Wei Ji Leong

"When asked if I wanted to do a PhD at the Antarctic Research Centre, I literally jumped at the chance!", says Wei Ji Leong.

Self described as Malaysian but brought up in Brunei, Wei Ji still finds it crazy sometimes that someone from the tropics gets to work on studying ice.

"Antarctica's probably too cold for me, so I’ll settle for the next best thing - satellites".

PhD candidate Wei Ji Leong stands by a lake in Königssee, Germany.

Wei Ji comes from a Remote Sensing/Geographic Information Systems (GIS) background, having completed his undergraduate studies from Victoria University of Wellington back in 2014.

"I fondly remember my first 'ice' related project - automatically mapping the expansion of proglacial lakes in the Southern Alps over the last decade using Landsat imagery. Back then we called it 'supervised classification', whereas now it would have the fancy label of 'machine learning'".

That project was also how he got to know his current supervisor Huw Horgan, who actually supervised his BSc(Hons) back in 2015 on mapping potential subglacial lakes around the Antarctic grounding zone using ICESAT laser altimetry data. Wei Ji then worked in the GIS industry for about two years, sharpening up his computer programming and data management skills that are now proving useful for his next big challenge - 'deep learning'.

Wei Ji explained, "So you get all these different datasets from different satellites coming in, optical images, radar, laser, gravity, and so on. Each of them tells you something specific about what's happening to the ice, but what if there's a way to combine all of that information together and can tell you a different story, what if 1+1+1 doesn't equal 3?". Well, that's where the 'deep' in 'deep learning' comes in".

For his PhD, Wei Ji was interested in using deep learning to map deep hidden subglacial lakes around Antarctica.

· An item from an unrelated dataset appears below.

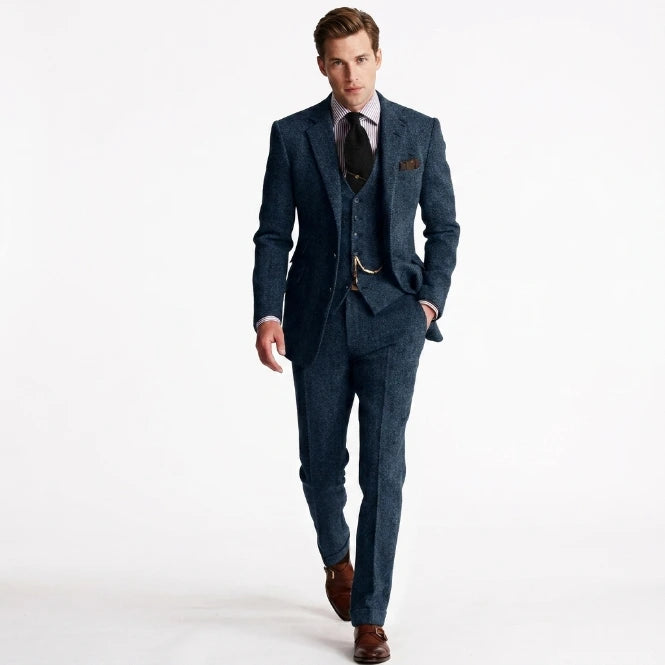 Men's tweed three-piece suit, structured jacket and trousers, back view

"Say you have one satellite measuring the height of the ice going up or down, and another tracking how the ice is flowing faster or slower. Individually, you might just think of the ice as responding to some change in snowfall or melt, but if you put them together, you might realize that it could be something else. Water could be filling up or draining from subglacial lakes that are causing the height changes and the speedup or slowdown events! Add in more datasets into the mix, things like subglacial heat flux, ice penetrating radar observations, and we'll start to get a better sense of whether there might be water underlying that ice".

It's still a lot harder than it looks because you can't directly 'see' the subglacial lakes, but armed with a burgeoning repository of data, an aptitude for programming and access to state of the art servers at the Antarctic Research Centre, Wei Ji believed he's up for the task.

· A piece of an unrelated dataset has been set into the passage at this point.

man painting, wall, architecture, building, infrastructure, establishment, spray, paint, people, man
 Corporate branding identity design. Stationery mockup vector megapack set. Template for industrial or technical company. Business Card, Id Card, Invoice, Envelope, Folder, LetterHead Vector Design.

Since started his PhD, Wei Ji attended the International Summer School in Glaciology at McCarthy, Alaska, and presented some of his early work at EGU General Assembly in Vienna, Austria as well as the IGS Radioglaciology Symposium in Stanford, California.

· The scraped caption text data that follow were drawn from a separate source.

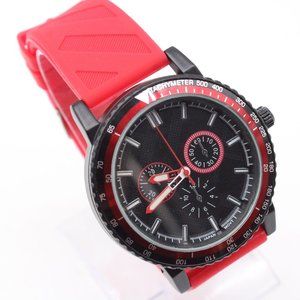 Geneva Platinum Watch Mens Black Tone Stainless Steel Tachymeter Black Dial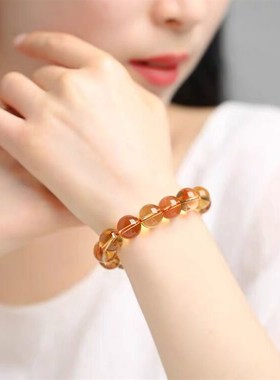 天然黄水晶手链单圈巴西水晶手串男女M款多圈送礼男女手链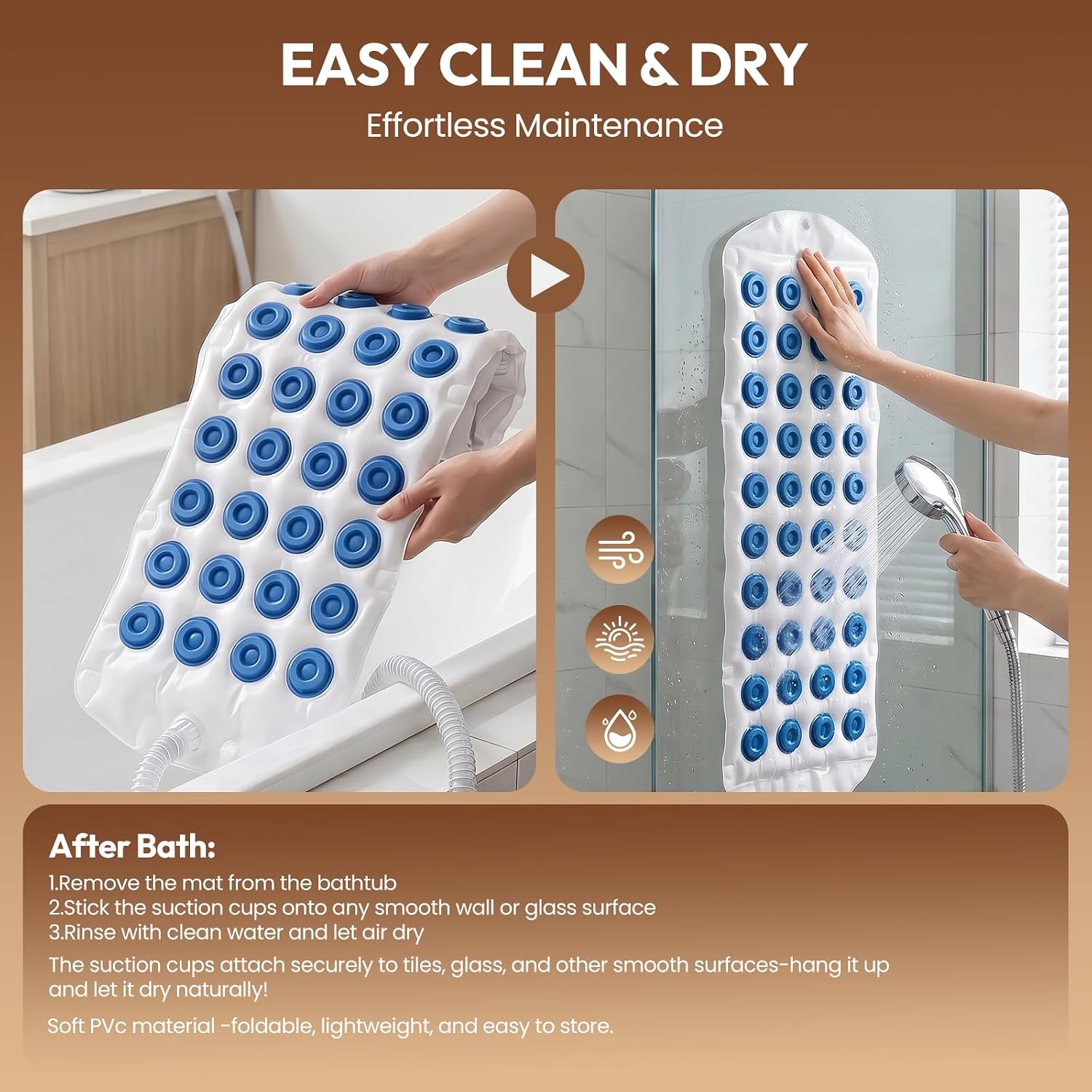 Bubble Bath Mat for Bathtub – Quiet Massage Mat with Heater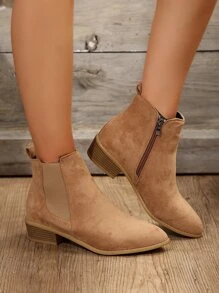 Women's Large Size 43 Chelsea Boots With Pointed Toe, British Style - Brown - View 1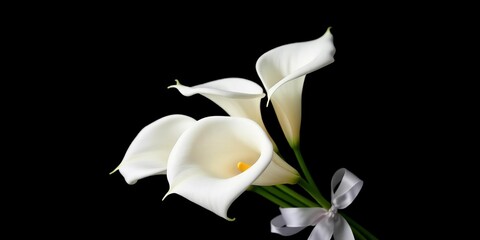 Elegant white calla lilies tied with a white ribbon against a stark black backdrop,  still life,  bloom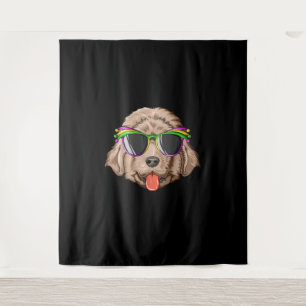 Newfoundland wearing glasses and mask present tapestry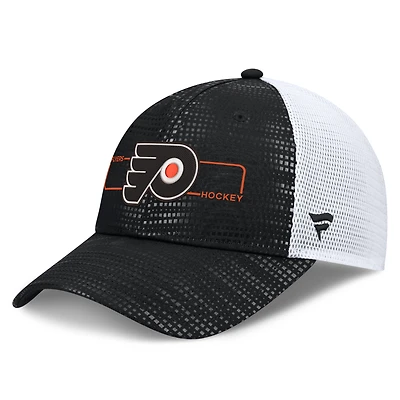 Men's Fanatics Black Philadelphia Flyers Authentic Pro Rink Boxed Logo Trucker Hat
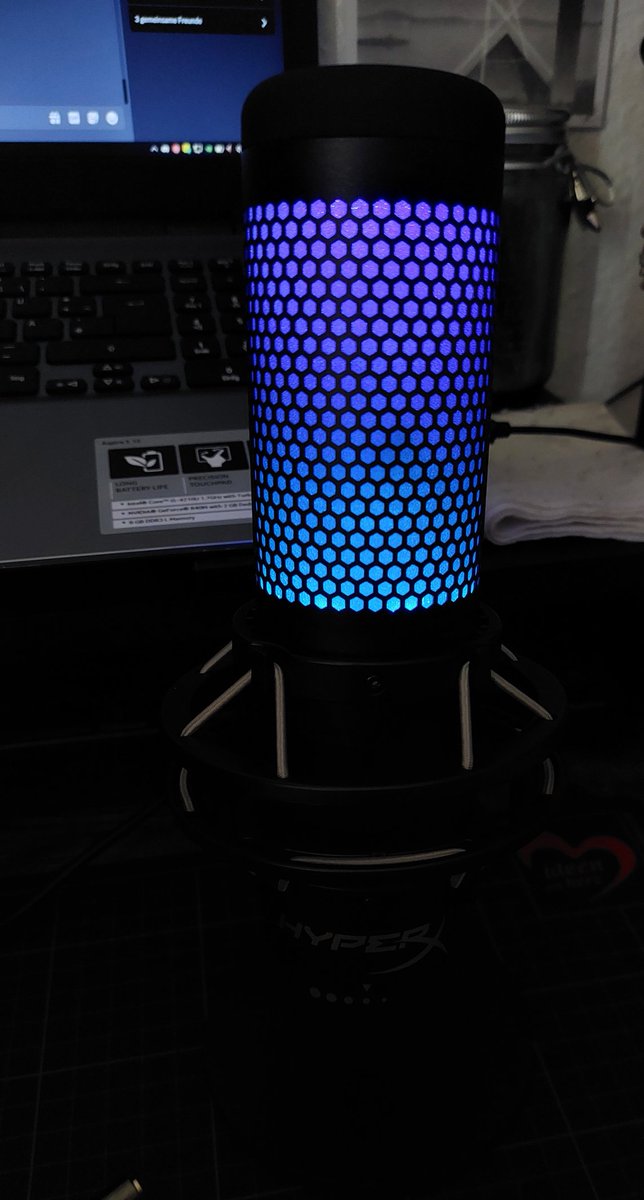 _woelkchen's tweet photo. I bought a new microphone today. I had it on my Amazon list for a long time. But I bought it at Saturn because it's cheaper there.
I'm with it 💜 RGB Light 🥹
#world #hyperxquadcast #microphone https://t.co/lVkurjayDm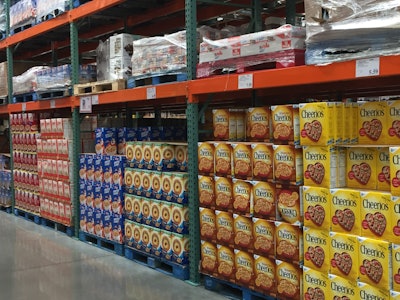 Middle-of-the-store items are typically stacked on pallets from top to bottom.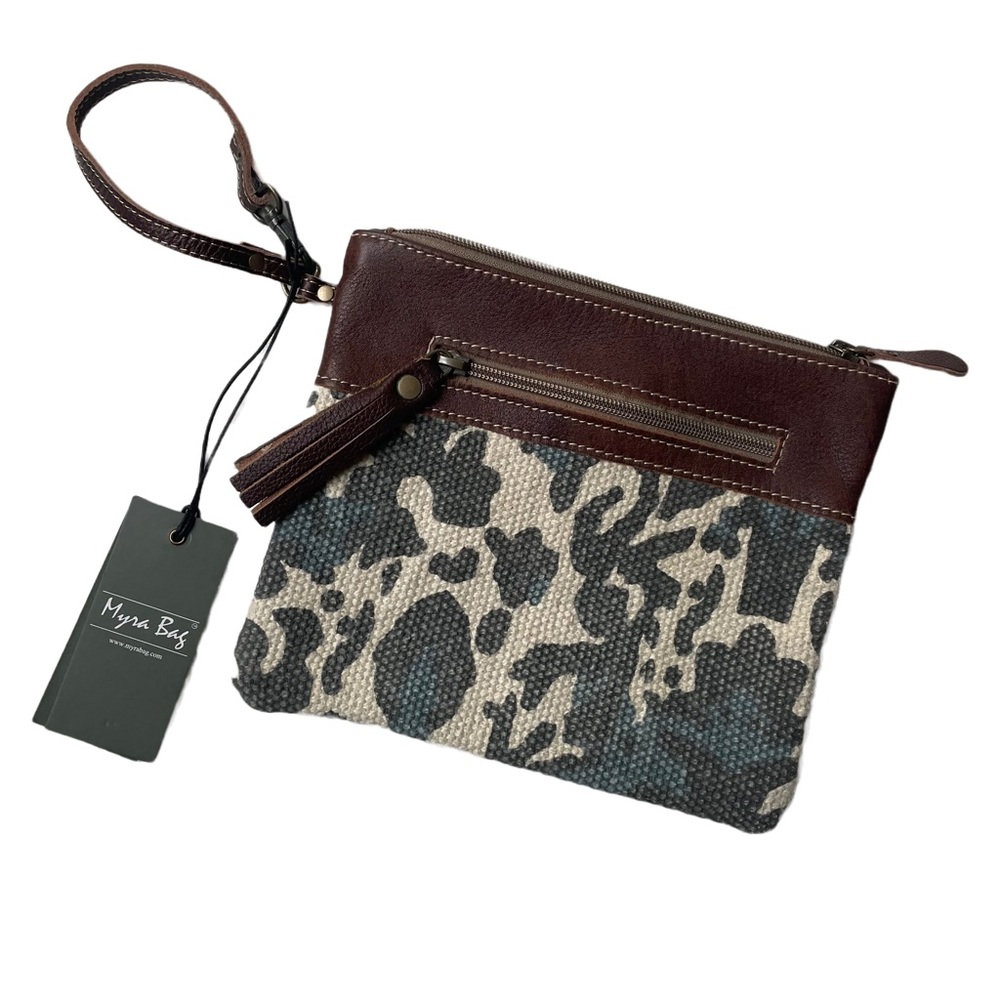 Myra Bag Distressed Canvas & Leather Pouch Wristlet NWT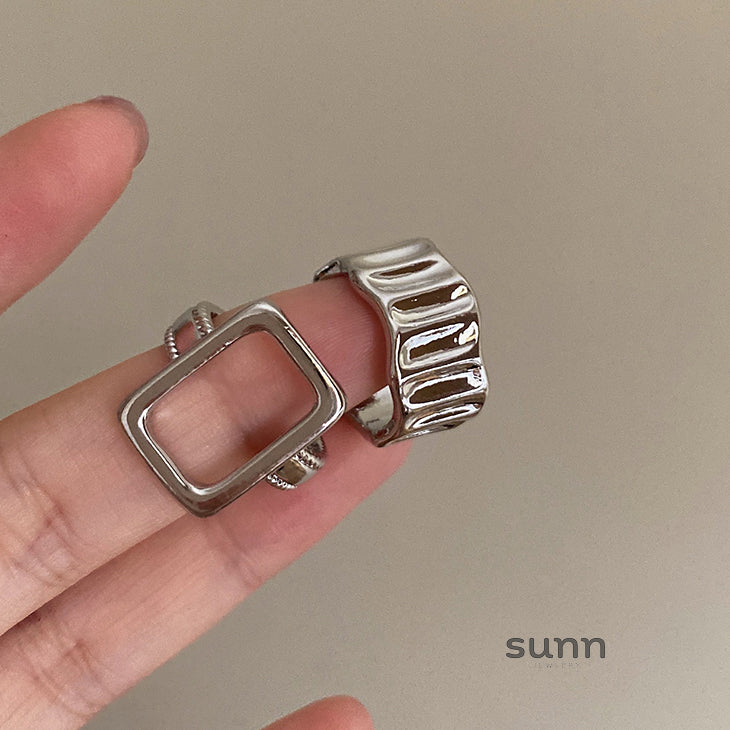 Zenaida Retro Silver Ring Set [IK3RJB8Y]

Wei Ji said, "It's one thing to work with the data, but it's another thing entirely to listen to the many glaciologists out there collecting the data, using them in ice sheet models, knowing what works and what doesn't. The Antarctic community is a really open and international, there's all sorts of enthusiastic people from so many different backgrounds, it's amazing how everyone contributes to make it all work!"

"I guess the one thing that ties all of us together is the sea. Water beneath the ice affects the rate at which glaciers slide into the sea, and my research into mapping subglacial water is part of the big picture question on how much and how fast Antarctica can contribute to sea-level rise."

Wei Ji completed his PhD in 2021, and has a Research Fellow position at the Ohio State University in the USA starting in early 2022.